Data section:
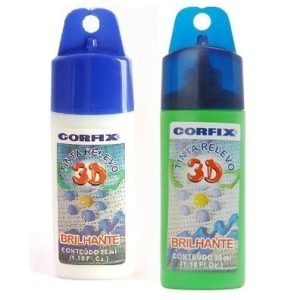 Tinta 3D de Relevo Brilhante, para Tecidos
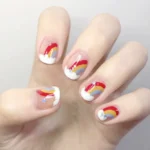 Nail Sticker Nail Art Sticker Red Korean Finished 3D Jewelry Female Patch A Piece False Nail Sticker Waterproof Lasting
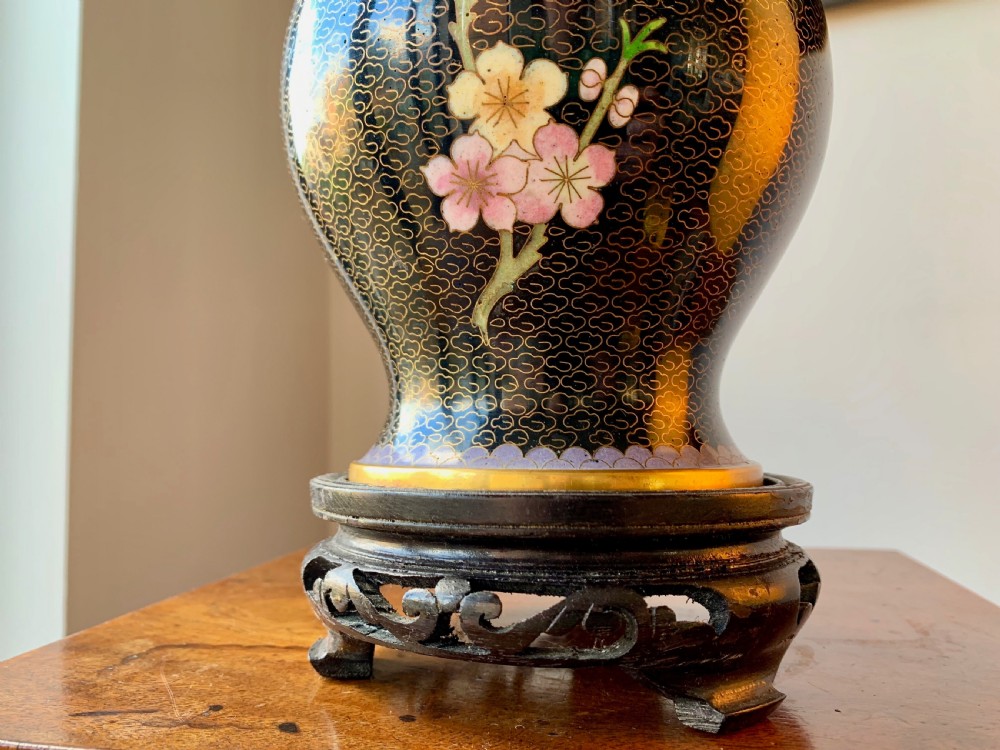 CHINESE CLOISONNE LIDDED VASE ON CARVED WOODEN LACQUERED STAND. View VIII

Task requirements: Nothing but the text of the listing should be set down, exactly, with the pictures left behind.

Written solution:
 Tinta 3D de Relevo Brilhante, para Tecidos
 Nail Sticker Nail Art Sticker Red Korean Finished 3D Jewelry Female Patch A Piece False Nail Sticker Waterproof Lasting
 CHINESE CLOISONNE LIDDED VASE ON CARVED WOODEN LACQUERED STAND. View VIII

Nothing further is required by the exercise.